• **What the task requires**:
Each line from the one that holds "LOKASS Loncheras para" to the end of the records is to be retyped exactly. Pictures are not part of the copy.

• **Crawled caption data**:
════════════════

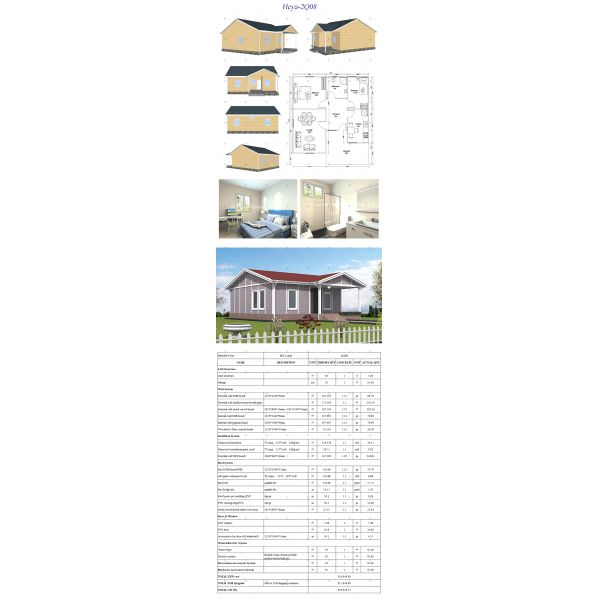 Heya-2Q08 Heya Hot Sale Low Cost Turnkey Prefab Prefabricated Garden House Philippines
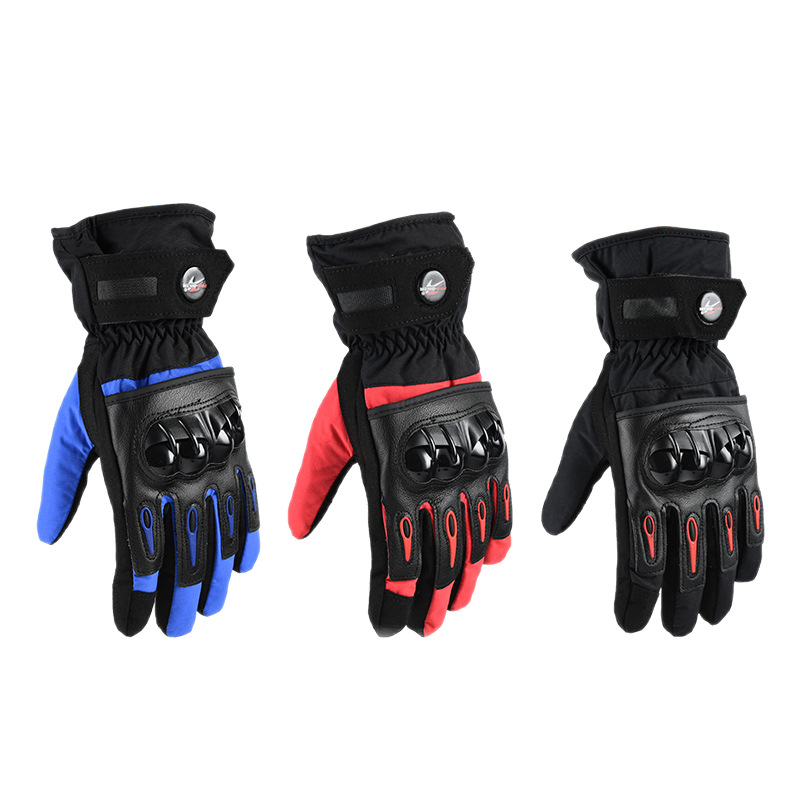 Guantes de motocicleta de invierno de dedo largo, antiviento, calientes, impermeables y resistentes a caídas, para carreras Knight, hombres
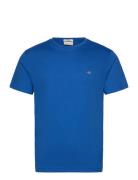 Slim Shield Ss T-Shirt Tops T-Kortærmet Skjorte Blue GANT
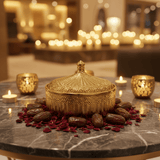 Royal Ceramic Candy Bowl with Lid | Embossed Geometric Design | 18×6 cm | Gold & White,Silver & White | - Al Kabayel Discount CentreRoyal Ceramic Candy Bowl with Lid | Embossed Geometric Design | 18×6 cm | Gold & White,Silver & White |Jars & Food SaversAKDCAl Kabayel Discount Centre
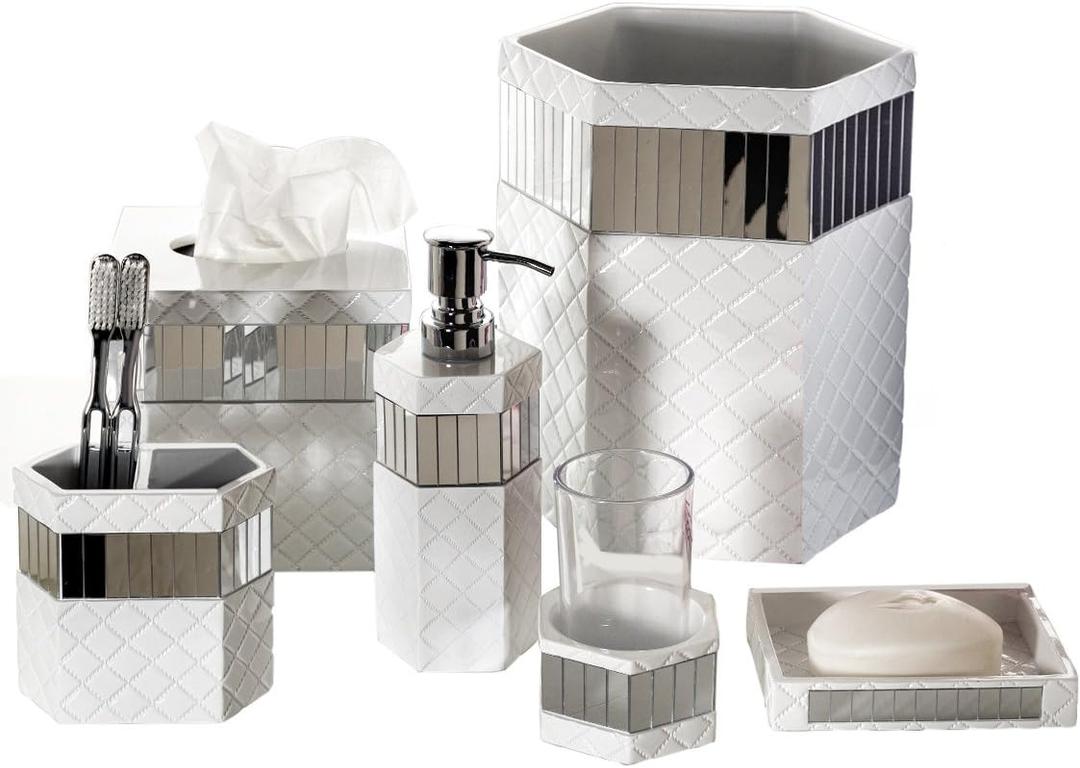 Creative Scents Quilted Mirror White Bathroom Accessories Set - Decorative 6 Piece Bathroom Set Includes: Trash Can, Tissue Box Cover, Soap Dispenser, Toothbrush Holder, Tumbler & Soap Dish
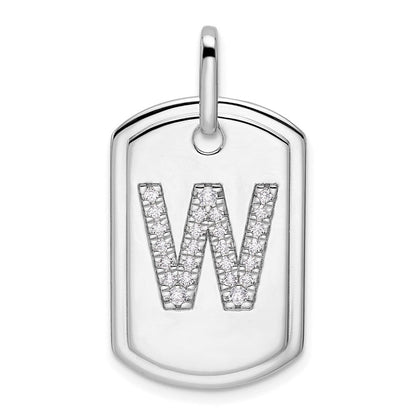 14K Weißgold Diamant-Erkennungsmarken-Charm mit Initiale W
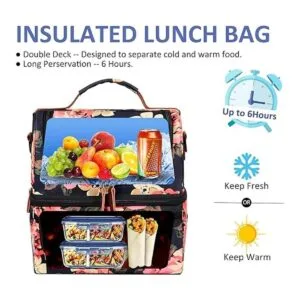 LOKASS Loncheras para mujer doble cubierta con aislante_2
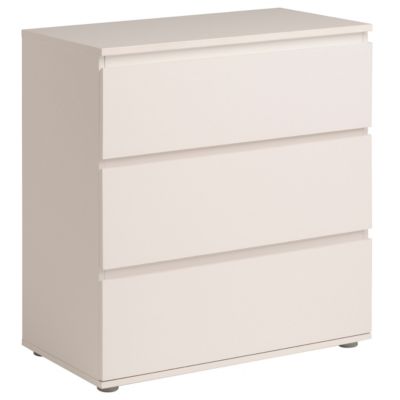 Commode 3 tiroirs blanche sans poignées l.76,7 x H.76,7 x P.39,9 cm, Parisot Neo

════════════════

• **Reply**:
 LOKASS Loncheras para mujer doble cubierta con aislante_2
 Commode 3 tiroirs blanche sans poignées l.76,7 x H.76,7 x P.39,9 cm, Parisot Neo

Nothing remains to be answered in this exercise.